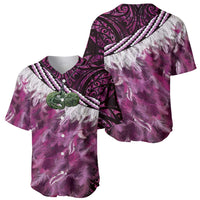Pink Traditional Cloak Aotearoa Baseball Jersey Maori Paua Shell Korowai Pattern LT14 - Polynesian Pride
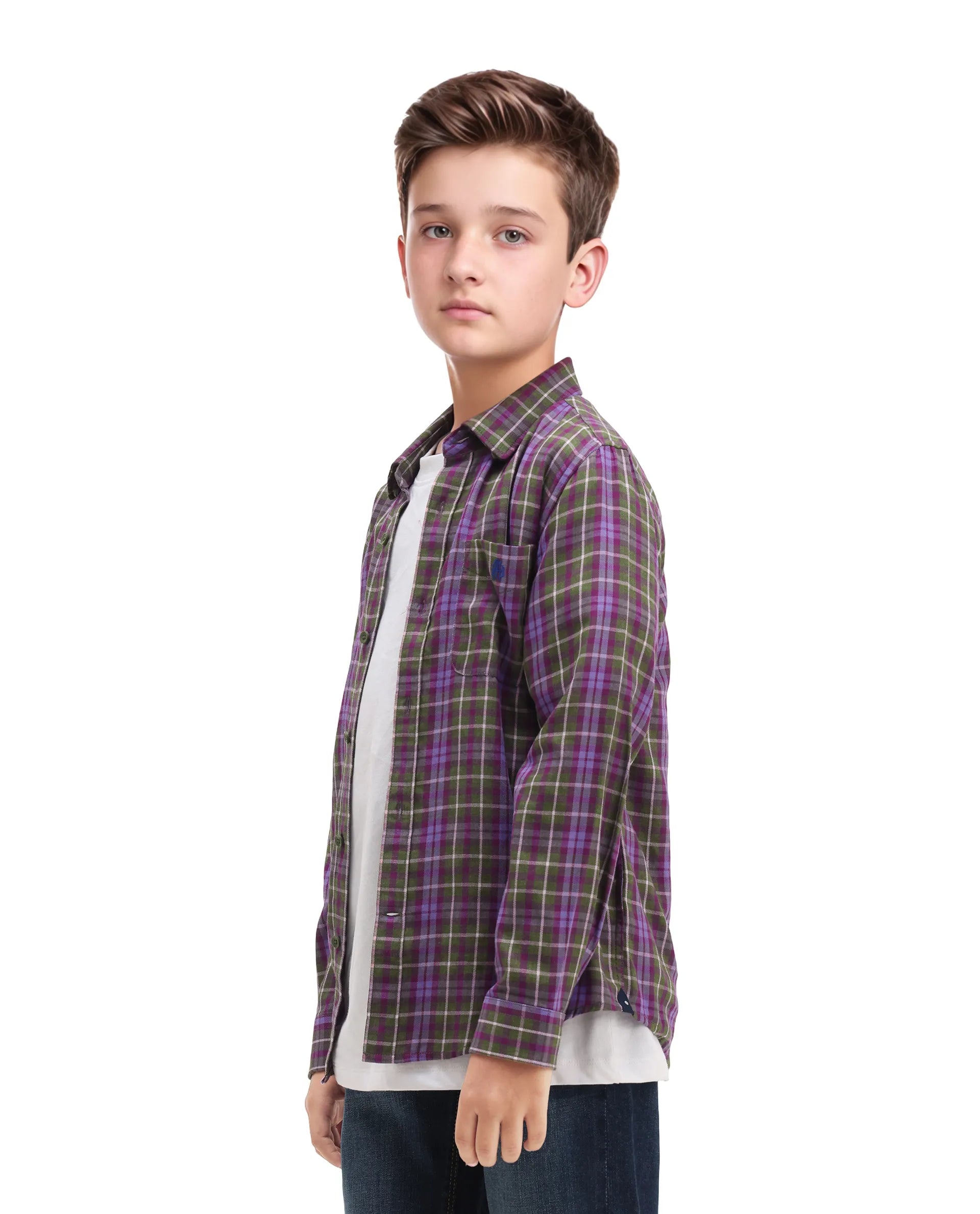 Rare Ones Kids Beke Purple Cotton Blend Checked Button Closure Regular Fit Shirt
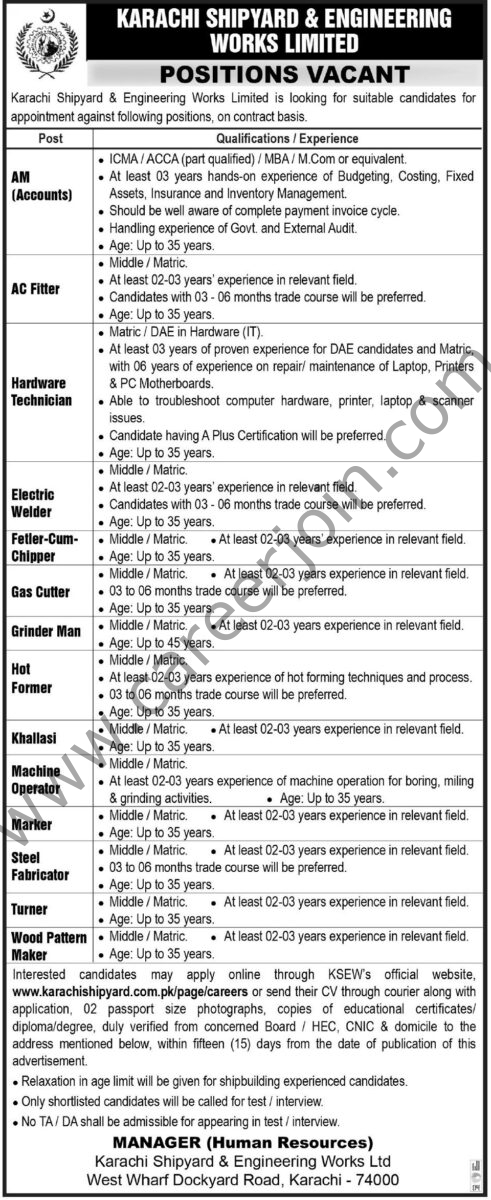 Karachi Shipyard & Engineering Works Ltd Jobs 10 Decemeber 2023 Express Tribune 1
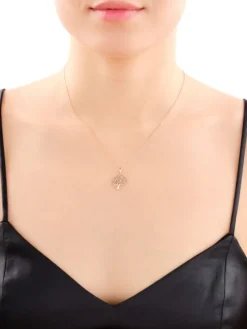 Zawieszka z różowego złota z diamentami - drzewko - 0,01 ct - próba 375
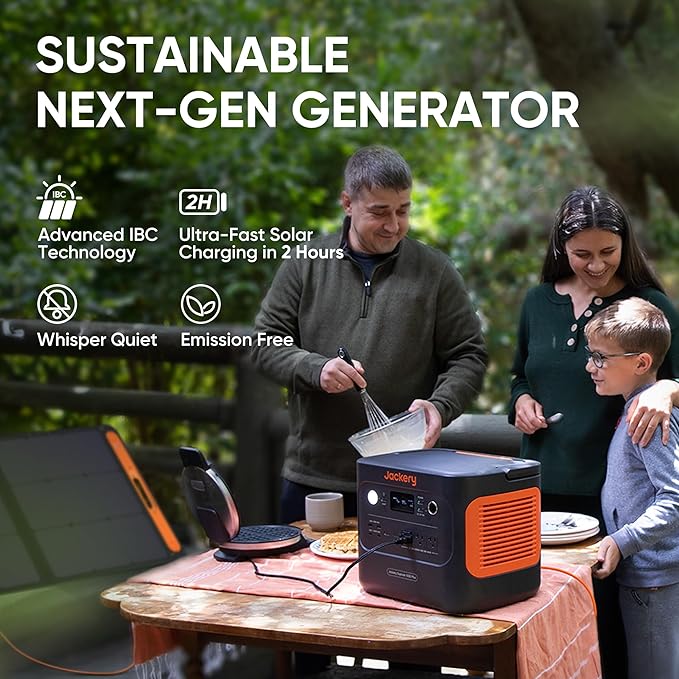 Jackery 1000 Plus Solar Generator, 1264Wh Portable Power Station with 100W Solar Panel, 2000W Output Backup Power for Outdoor Camping, Power Outages(Renewed)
=======
**Description of the task**
Nothing but the lines from the one containing "Zawieszka z różowego" through the end of the entries is to be retyped, exactly as written and without pictures.

**Result for this task**
 Zawieszka z różowego złota z diamentami - drzewko - 0,01 ct - próba 375
 Jackery 1000 Plus Solar Generator, 1264Wh Portable Power Station with 100W Solar Panel, 2000W Output Backup Power for Outdoor Camping, Power Outages(Renewed)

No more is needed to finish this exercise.